Running Phobos unit tests in threads: I have data

Rikki Cattermole via Digitalmars-d digitalmars-d at puremagic.com
Sat May 3 05:21:11 PDT 2014


On Saturday, 3 May 2014 at 12:08:56 UTC, Atila Neves wrote:
> I turned off all output to check. It was still slower with 
> multiple threads. That was the only "weird" thing I was doing I 
> could think of as the cause. Otherwise it's just a 
> foreach(test; tests.parallel) { test(); }.
>
> Atila
>
> On Saturday, 3 May 2014 at 11:54:55 UTC, Atila Neves wrote:
>> So I tried using unit-threaded to run Phobos unit tests again 
>> and had problems (which I'll look into later) with its 
>> compile-time reflection. Then I realised I was an idiot since 
>> I don't need to reflect on anything: all Phobos tests are in 
>> unittest blocks so all I need to do is include them in the 
>> build and unit-threaded will run them for me.
>>
>> I tried a basic sanity check by running them in one thread 
>> only with the -s option and got a segfault, and a failing test 
>> before that. None of this should happen, and I'll be taking a 
>> look at that as well.
>>
>> But I carried on by removing the troublesome modules from the 
>> build. These turned out to be:
>>
>> std.datetime (fails)
>> std.process (fails and causes the segfault)
>> std.stdio (fails)
>>
>> All the others pass in single threaded mode. After this I 
>> tried using threads and std.parallelism failed, so I took that 
>> away from the build as well.
>>
>> Another thing to mention is that although the tests are 
>> running in threads, since when I wrote the library the 
>> getUnitTests __traits wasn't available (and since then I 
>> wasn't interested in using it), each module's unit tests run 
>> as one test. So they only interleave with other modules, not 
>> with each other.
>>
>> Running in one thread took 39 +/- 1 seconds.
>> Running in 8 threads took... ~41 seconds.
>>
>> Oops. I noticed some tests take a lot longer so I tried 
>> removing those. They were:
>>
>> std.file
>> std.conv
>> std.regex
>> std.random
>> std.container
>> std.xml
>> std.utf
>> std.numeric
>> std.uuid
>> std.exception
>>
>> I also removed any modules that were likely to be problematic 
>> like std.concurrency and std.socket.
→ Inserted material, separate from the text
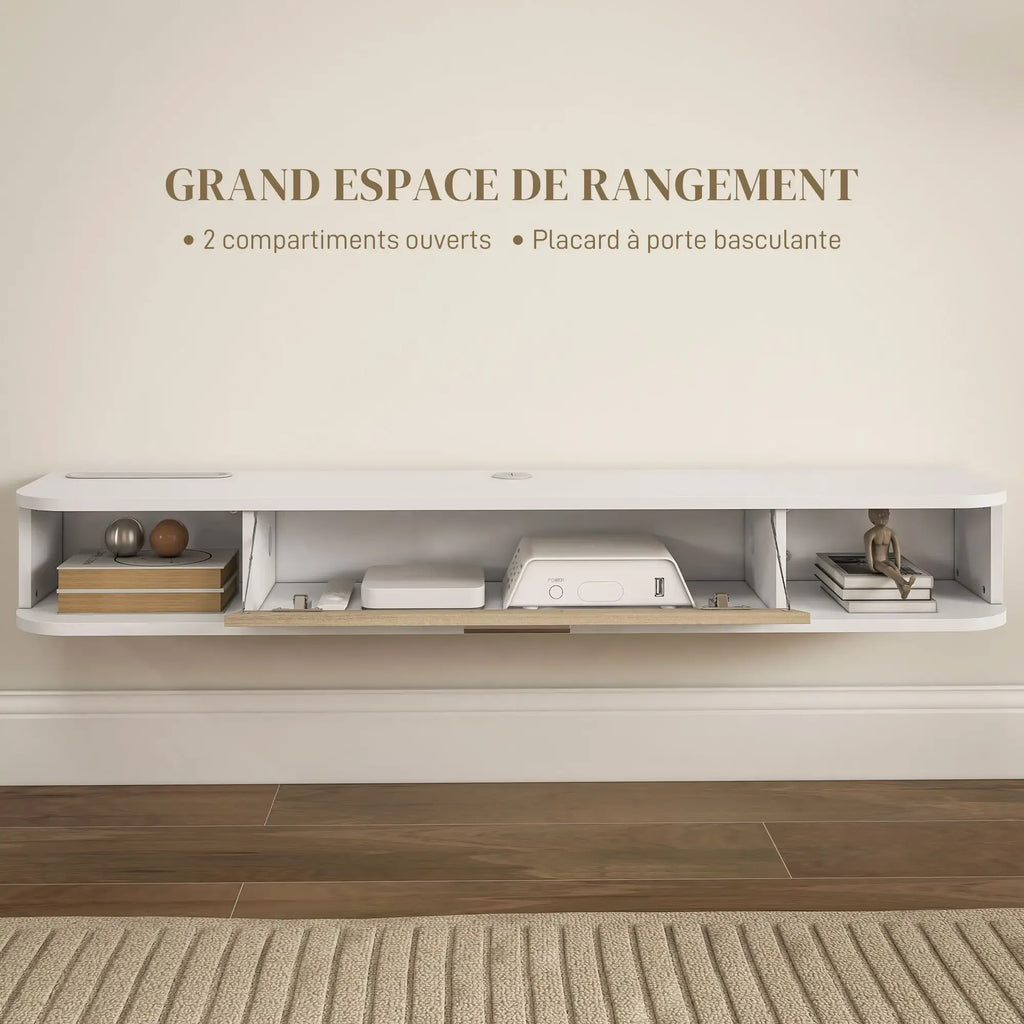 Movany Divine – Meuble TV suspendu blanc, tiroir central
With the reduced sample 
>> size the results were:
>>
>> 1 thread: ~1.9s
>> 8 threads: 4.1s +/- 0.2
>>
>> So the whole threading thing isn't looking so great. Or at 
>> least not how I implemented it. This got me thinking about my 
>> own projects. The tests run so fast I never really paid 
>> attention to how fast they were running. I compared running 
>> the unit tests in Cerealed in one or more threads and got the 
>> same result: running in one thread was faster.
>>
>> I have to look to be sure but maybe the bottleneck is output. 
>> As in actually printing the results to the screen. I had to 
>> jump through a few hoops to make sure the output wasn't 
>> interleaved, and in the end decided to have one thread be 
>> responsible for that, with the tests sending it output 
>> messages.
>>
>> For reference, I copied all of the std/*.d modules into a 
>> local std directory, compiled all of them with dmd -unittest 
>> -c, then used this as the build command:
>>
>> dmd -unittest -I~/coding/d/unit-threaded/source ut.d 
>> std/algorithm.o std/array.o std/ascii.o std/base64.o 
>> std/bigint.o std/bitmanip.o std/compiler.o std/complex.o 
>> std/container.o std/cstream.o std/csv.o std/demangle.o 
>> std/encoding.o std/format.o std/functional.o std/getopt.o 
>> std/json.o std/math.o std/mathspecial.o std/metastrings.o 
>> std/mmfile.o std/numeric.o std/outbuffer.o std/range.o  
>> std/signals.o  std/stdint.o std/stdiobase.o std/stream.o 
>> std/string.o std/syserror.o std/system.o std/traits.o 
>> std/typecons.o std/typelist.o std/typetuple.o std/uri.o 
>> std/variant.o std/zip.o std/zlib.o  libunit-threaded.a 
>> -ofphobos_ut
>>
>> I got libunit-threaded.a by running "dub build" in the root 
>> directory of unit-threaded.
>>
>> I might just implement a random order option now. Hmm.
>>
>> Atila

Out of curiosity are you on Windows?